Despite efforts to promote equal opportunities for all, only 13.6 percent of women are in paid employment in the country, compared to 24.3 percent of men, a study by ActionAid has revealed.
The findings come at time when efforts to promote equal opportunities for both men and women have become intensified.
This was revealed by the Northern Regional Programmes Manager for ActionAid Ghana, Esther Boateng, during the launch of a campaign to demand implementation of International Labour Organisation’s (ILO) convention on gender-based violence at the workplace, in Tamale.
Sadly, she said women’s quest to obtain decent jobs in Ghana is unceasingly impeded by society and a global economy which prevent them from fully enjoying their rights.
“As an organisation, we believe that everyone, especially, women have the right to decent work, a living wage and equal pay,” Madam Boateng added.
The event which was on the theme “Decent work now for women in the informal economy to call for action in this regard”, also sought to sensitise the women, particularly young girls, on their rights.
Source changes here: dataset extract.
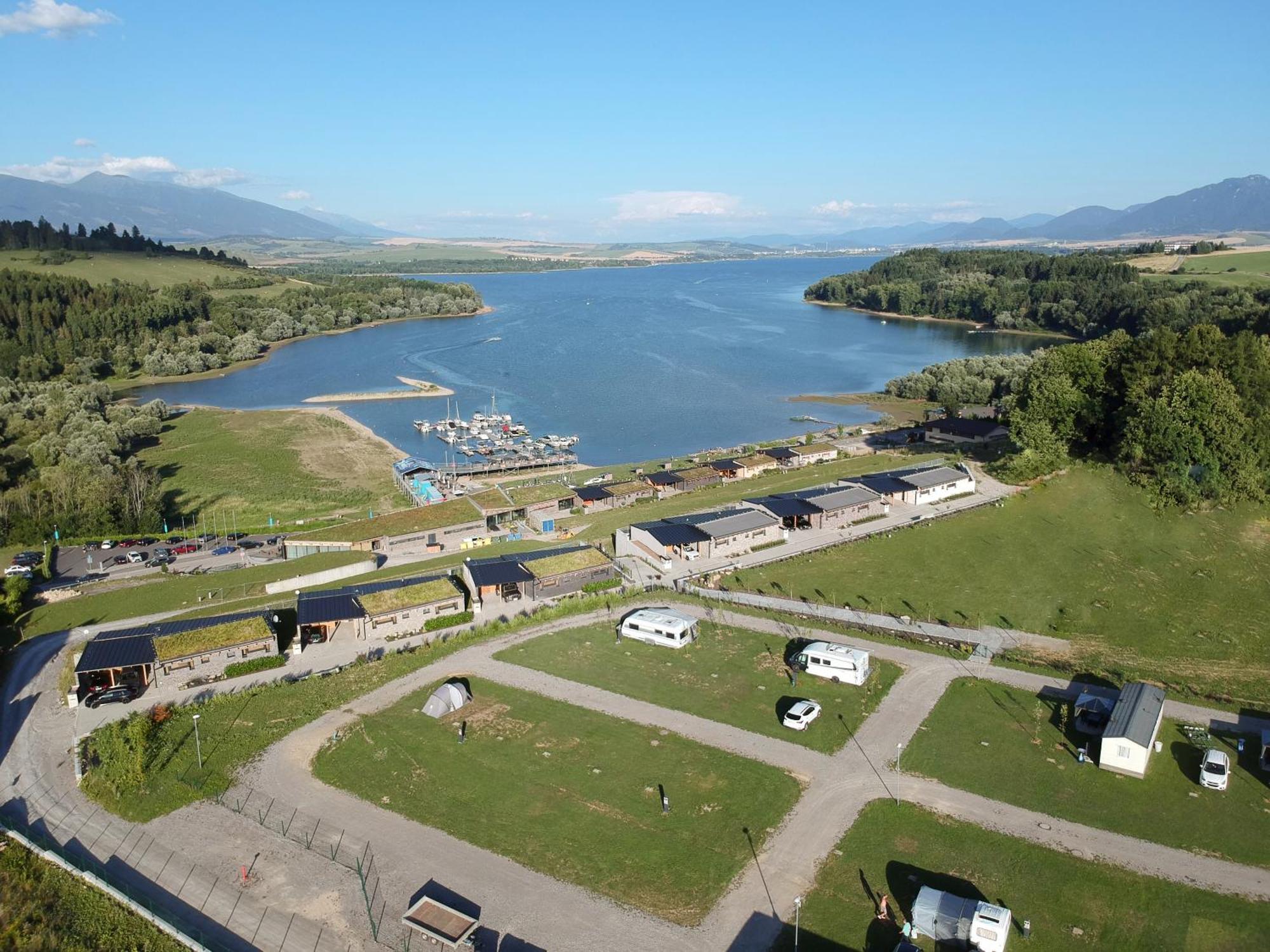 Mobilny Dom V Kempe Marina Liptov Bešeňová Extérieur photo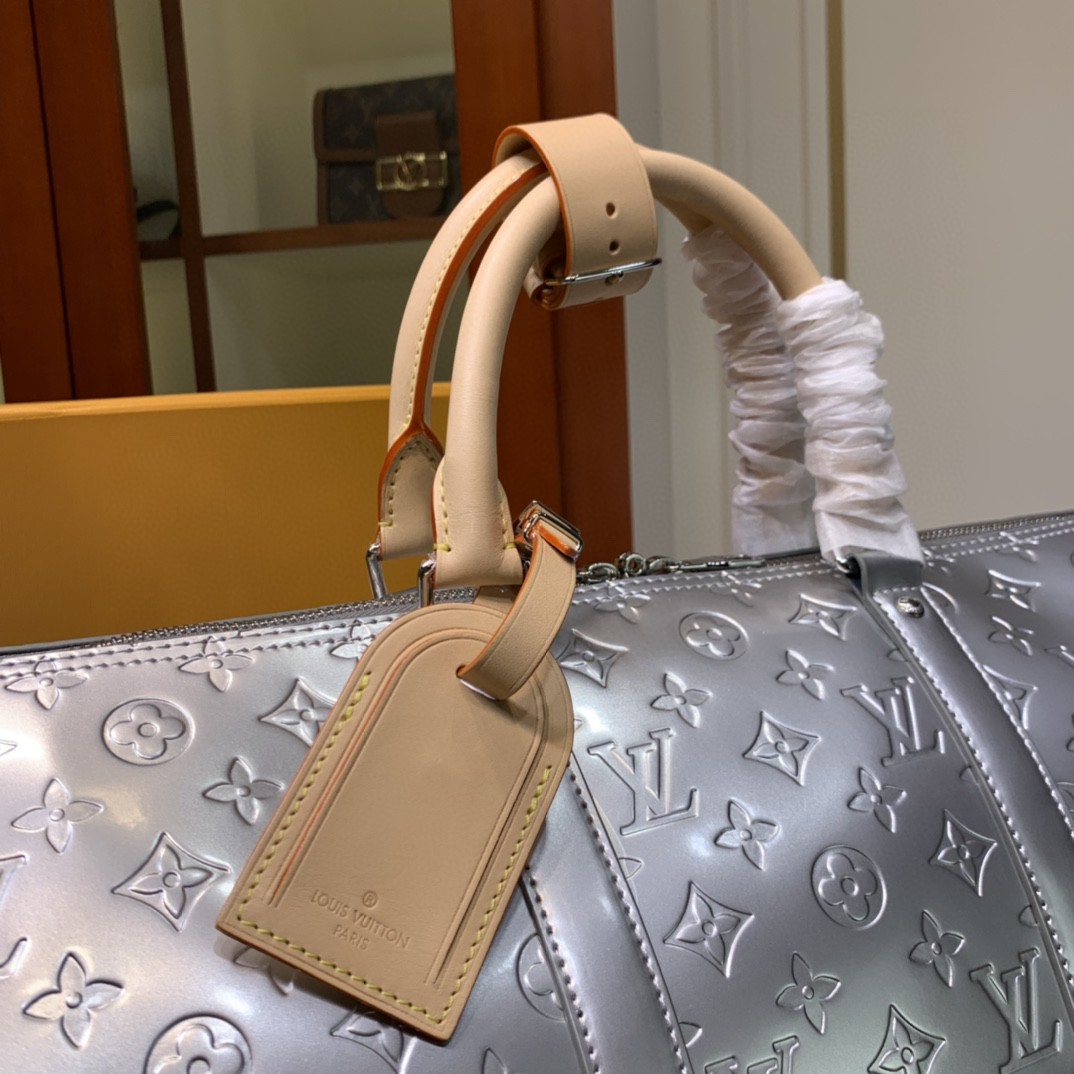 LV $80 gallery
Globally, she noted that over 2.7 billion women are legally restricted from having the same choice of jobs as men while labour force participation rate for women aged 25-54 represent 63 per cent compared to 94 percent for men according to ILO sources.
She therefore called for the adoption, ratification and implementation of the ILO convention on Gender-Based Violence in the workplace to protect women workers in the country.
She also called on women groups in the country and activists to help continue with the campaign to salvage the plights women.
This, she added, would help end gender-based violence at the workplace, while creating equal opportunities for all people, regardless of their gender.
On his part, Labour Officer at the Department of Labour in Tamale, Fuseini Alhassan, said statistics from the Labour department shows that about 70 percent of the workforce in Ghana comes from the informal sector.
He therefore said government is committed supporting the informal sector to generate much-needed jobs for the citizens, adding that the country cannot growth without the sector’s contribution.
Mr. Fuseini also revealed that the government is to review the obsolete apprenticeship policy, found in the Children’s Act.
He noted that the review is to ensure provision of adequate shelter for apprentices to avoid putting the lives of the young girls at risk.
“We are expected to abide by the law that says that a child should be admitted to apprenticeship at age 15 or after completion of Junior High School (JHS).